This looks like it's going to be an interesting (if slow) game. You start out with a beginner-level farm that consists of 6 squares of land that you own. One has your home on it, one a silo for collecting your produce, and one a chicken coop with 2 chickens in it. You start with $2000. There is woodland all around your farm that you can gather other produce from, but to cultivate it you need to buy it.



It is turn-based, with a farmer having a limited amount of 'endurance' per day. Each task on the farm uses endurance, and once you have too little endurance to perform any tasks that's you done for the day. And it really means day. A new turn starts at 3AM GMT every day. You can increase your endurance by eating, which can be done up to 3 times per day (they've clearly never heard of snacking...). In order to do that, you have to initially buy food from the market. I found it didn't really take very long to get through all my endurance and be done until tomorrow, and as a beginner I'm not in a cooperative or employing anyone else, so I have to wait now until tomorrow to do anything else. Frankly I found that a little frustrating.
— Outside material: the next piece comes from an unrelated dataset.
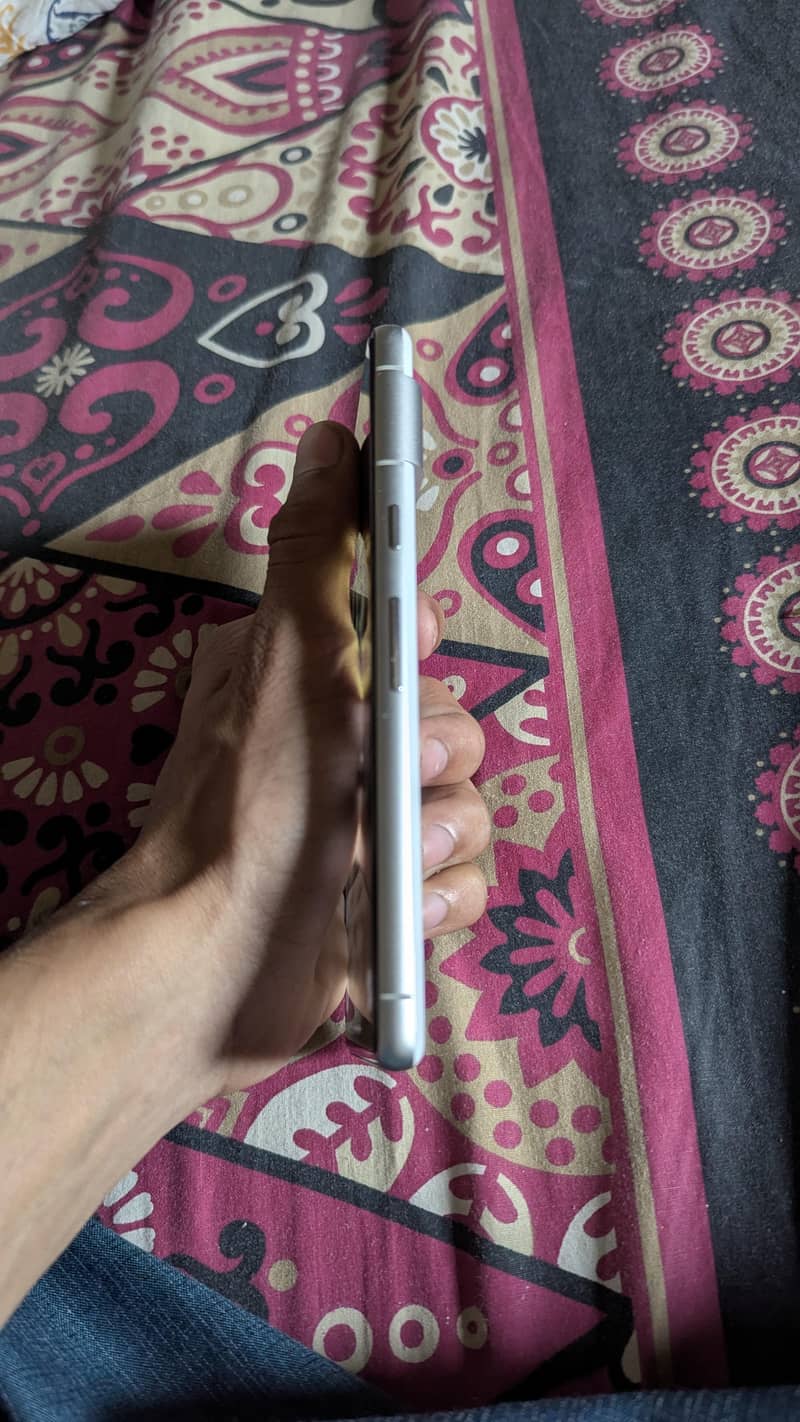 Google Pixel 7 3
The information display is interesting. Each square on the farm can be clicked on. When you do that you can see information about that square displayed at the bottom of the page, and you get a drop down with available actions for that square. Hovering over the action for a while brings up the information about what that icon means. Hopefully eventually that wouldn't be necessary, but it's a helpful touch for beginners.


I found it a little difficult to pick up what the various bits and pieces meant, and actually a little tough to read at times. But I think it gets the information across. The section at the top stays visible at all times, providing information on the current endurance level (although I have no idea what the little stars are above that), the current date and weather conditions, and things like your storage capacity and stocks of various bits and bobs.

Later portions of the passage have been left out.